I have this data set
obras = pd.DataFrame(
[['1','Entre Ríos'],['2', 'Entre Rios'],['3','entre Ríos'], ['4','Entre ríos']],
columns = ['id', 'prov']
)
In order to normalize the names of "Prov" I call an API
API_BASE_URL = "https://apis.datos.gob.ar/georef/api/"

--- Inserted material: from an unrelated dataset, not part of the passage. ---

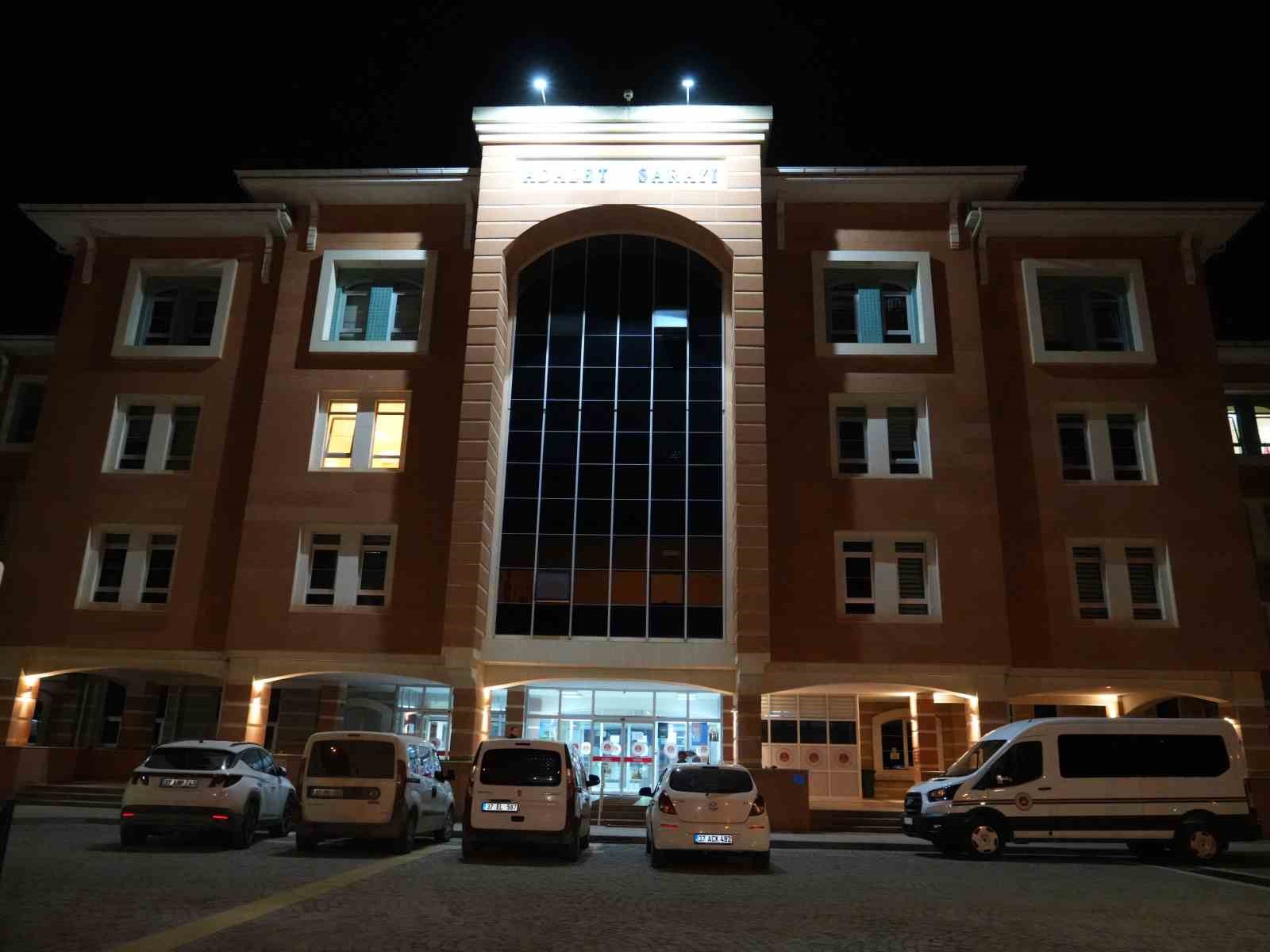 Hamile eşini öldürüp cesetle aynı evde 10 gün boyunca kalan koca tutuklandı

def get_similar_bulk(endpoint, nombres):
# realiza consulta a la API
data = {
endpoint: [
{"nombre": nombre, "max": 1} for nombre in nombres
]}
url = API_BASE_URL endpoint
results = requests.post(
url, json=data, headers={"Content-Type": "application/json"}
).json()
# convierte a una lista de "resultado más probable" o "vacío" cuando no hay
parsed_results = [
single_result[endpoint][0] if single_result[endpoint] else {}
for single_result in results["resultados"]
]
return parsed_results
obras['prov_norm'] = get_similar_bulk("provincias", obras['prov'])
As a result i get
id | prov | prov_norm |
---|---|---|
1 | Entre Ríos | {'centroide': {'lat': -32.0588735436448, 'lon': -59.2014475514635}, 'id': '30', 'nombre': 'Entre Ríos'} |
2 | Entre Rios | {'centroide': {'lat': -32.0588735436448, 'lon': -59.2014475514635}, 'id': '30', 'nombre': 'Entre Ríos'} |
3 | entre Ríos | {'centroide': {'lat': -32.0588735436448, 'lon': -59.2014475514635}, 'id': '30', 'nombre': 'Entre Ríos'} |
4 | Entre ríos | {'centroide': {'lat': -32.0588735436448, 'lon': -59.2014475514635}, 'id': '30', 'nombre': 'Entre Ríos'} |
The expected result would be:
id | prov | lat | lon | id | nombre |
---|---|---|---|---|---|
1 | Entre Ríos | -32.0588735436448 | -59.2014475514635 | 30 | Entre Ríos |
2 | Entre Rios | -32.0588735436448 | -59.2014475514635 | 30 | Entre Ríos |
3 | entre Ríos | -32.0588735436448 | -59.2014475514635 | 30 | Entre Ríos |
4 | Entre ríos | -32.0588735436448 | -59.2014475514635 | 30 | Entre Ríos |
How I can solve this problem?
thanks!!!
CodePudding user response:
if you want sperate column then you must put data in sperate column like this:
in get_similar_bulk function:
# convierte a una lista de "resultado más probable" o "vacío" cuando no hay
parsed_results = [
single_result[endpoint][0] if single_result[endpoint] else {}
for single_result in results["resultados"]
]
parsed_results = [{'lat':x['centroide']['lat'],'lon': x['centroide']['lon'],'id_obras': x['id'],'nombre':x['nombre']} for x in parsed_results ]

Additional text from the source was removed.